### Required action
Wherever an image appears in the records, exclude it, and reproduce everything else exactly.

### The records
________________

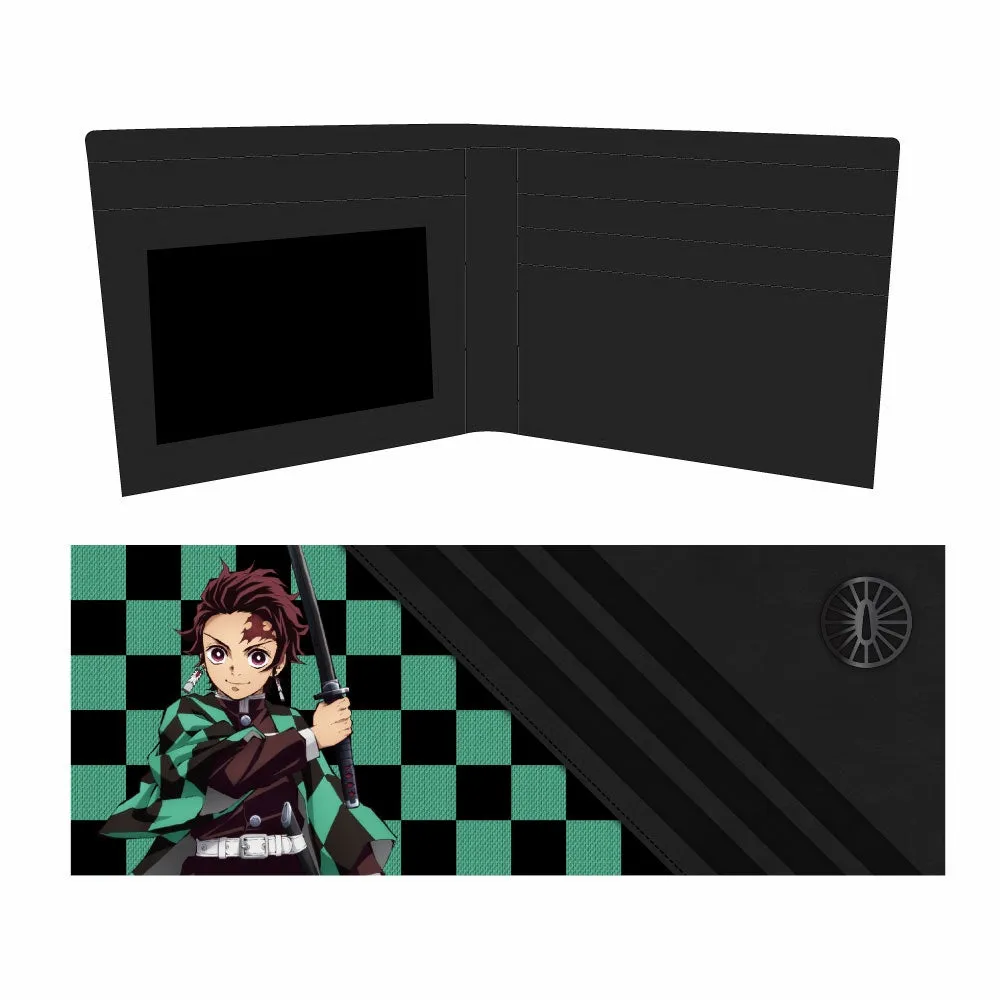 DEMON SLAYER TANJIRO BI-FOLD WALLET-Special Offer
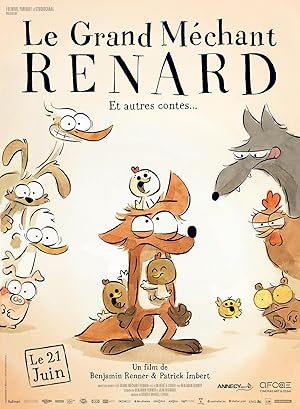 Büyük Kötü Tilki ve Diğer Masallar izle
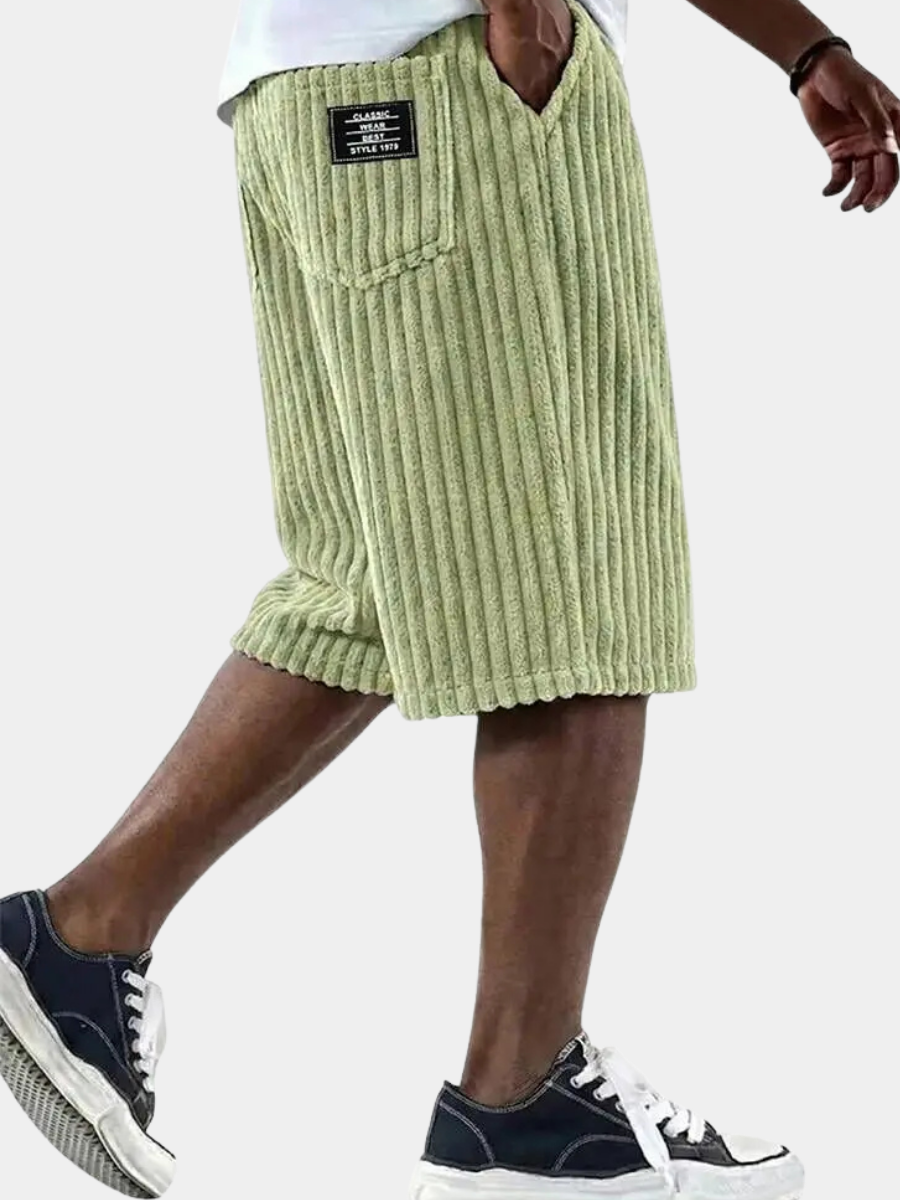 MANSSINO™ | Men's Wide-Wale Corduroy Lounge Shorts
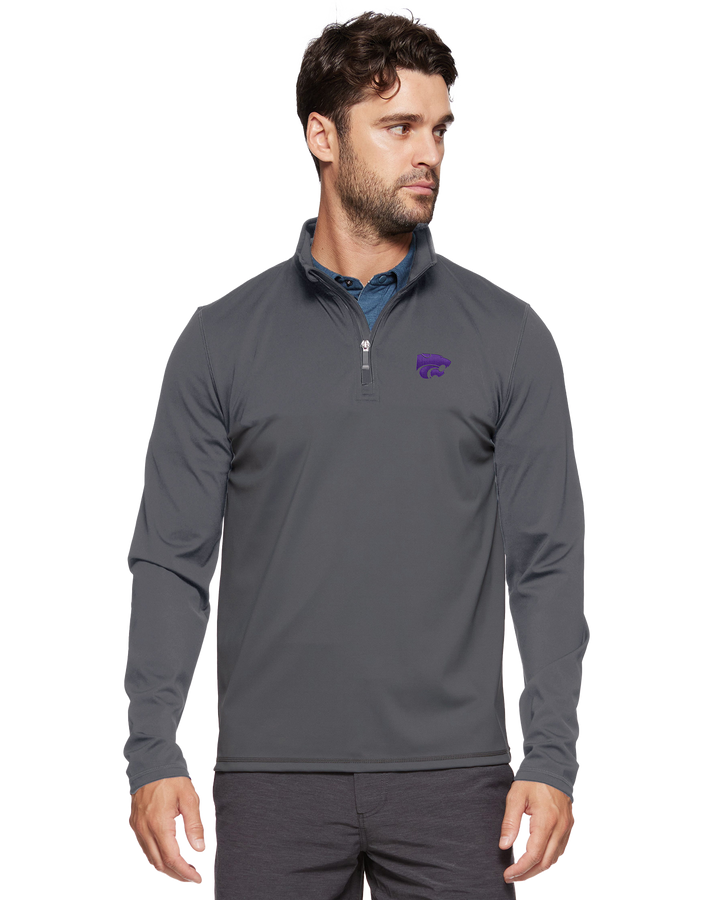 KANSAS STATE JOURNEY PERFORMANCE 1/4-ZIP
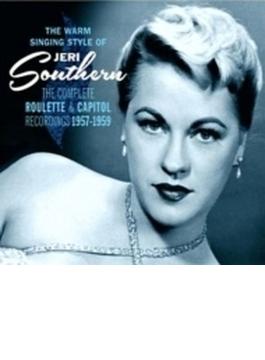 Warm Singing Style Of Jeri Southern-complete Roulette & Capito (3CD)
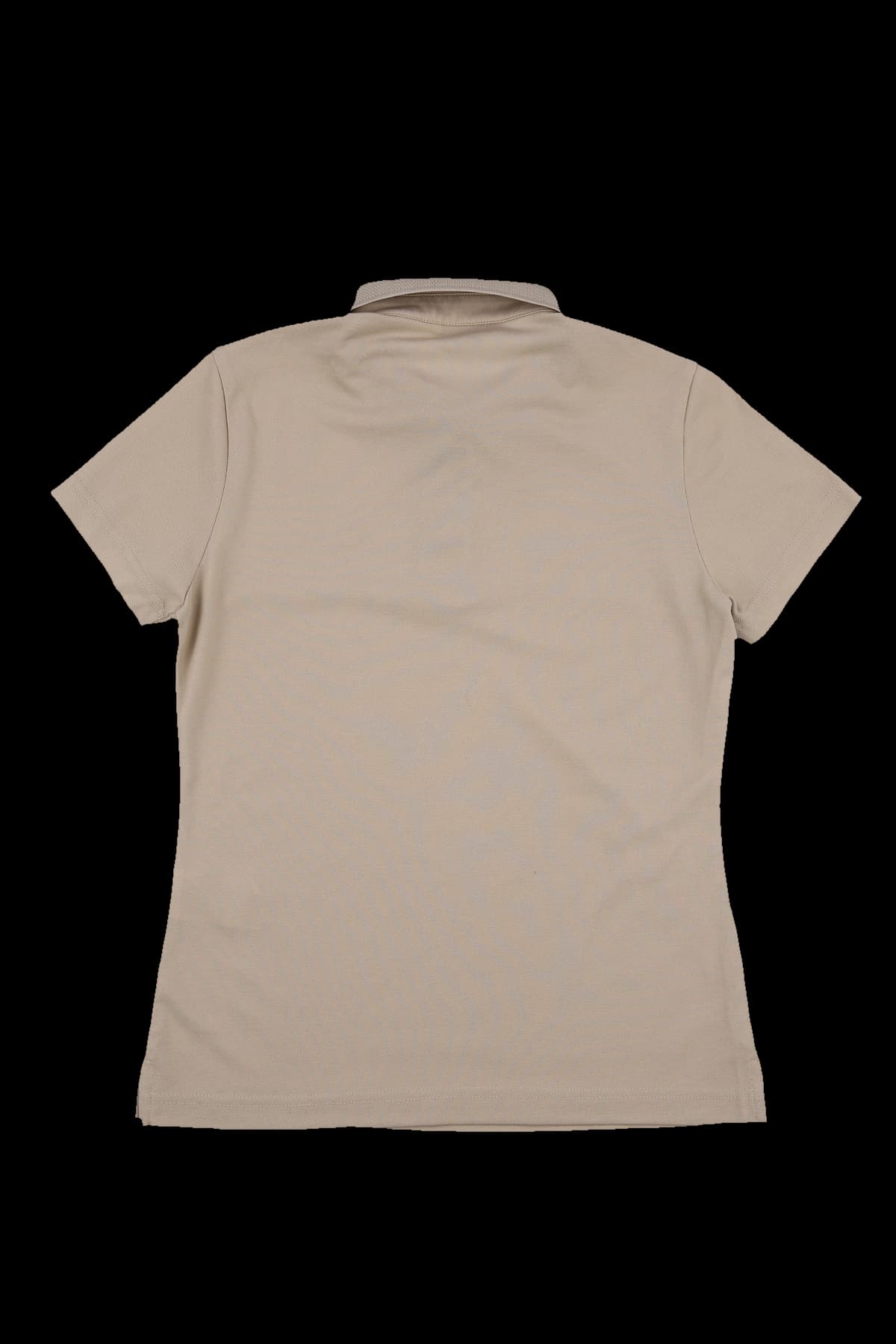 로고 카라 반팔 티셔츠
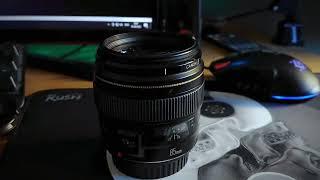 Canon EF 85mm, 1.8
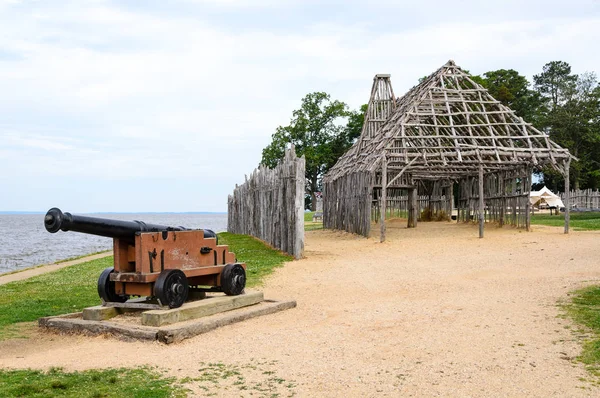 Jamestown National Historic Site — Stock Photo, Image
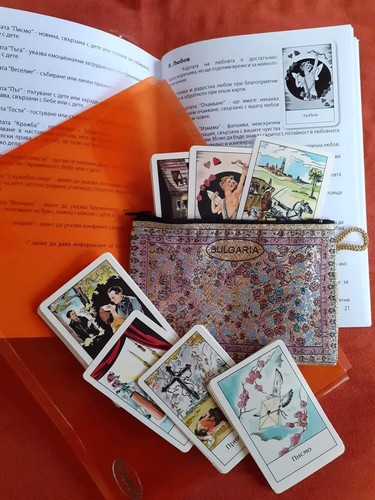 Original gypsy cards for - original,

________________

### Exercise result
 DEMON SLAYER TANJIRO BI-FOLD WALLET-Special Offer
 Büyük Kötü Tilki ve Diğer Masallar izle
 MANSSINO™ | Men's Wide-Wale Corduroy Lounge Shorts
 KANSAS STATE JOURNEY PERFORMANCE 1/4-ZIP
 Warm Singing Style Of Jeri Southern-complete Roulette & Capito (3CD)
 로고 카라 반팔 티셔츠
 Canon EF 85mm, 1.8
 Jamestown National Historic Site — Stock Photo, Image
 Original gypsy cards for - original,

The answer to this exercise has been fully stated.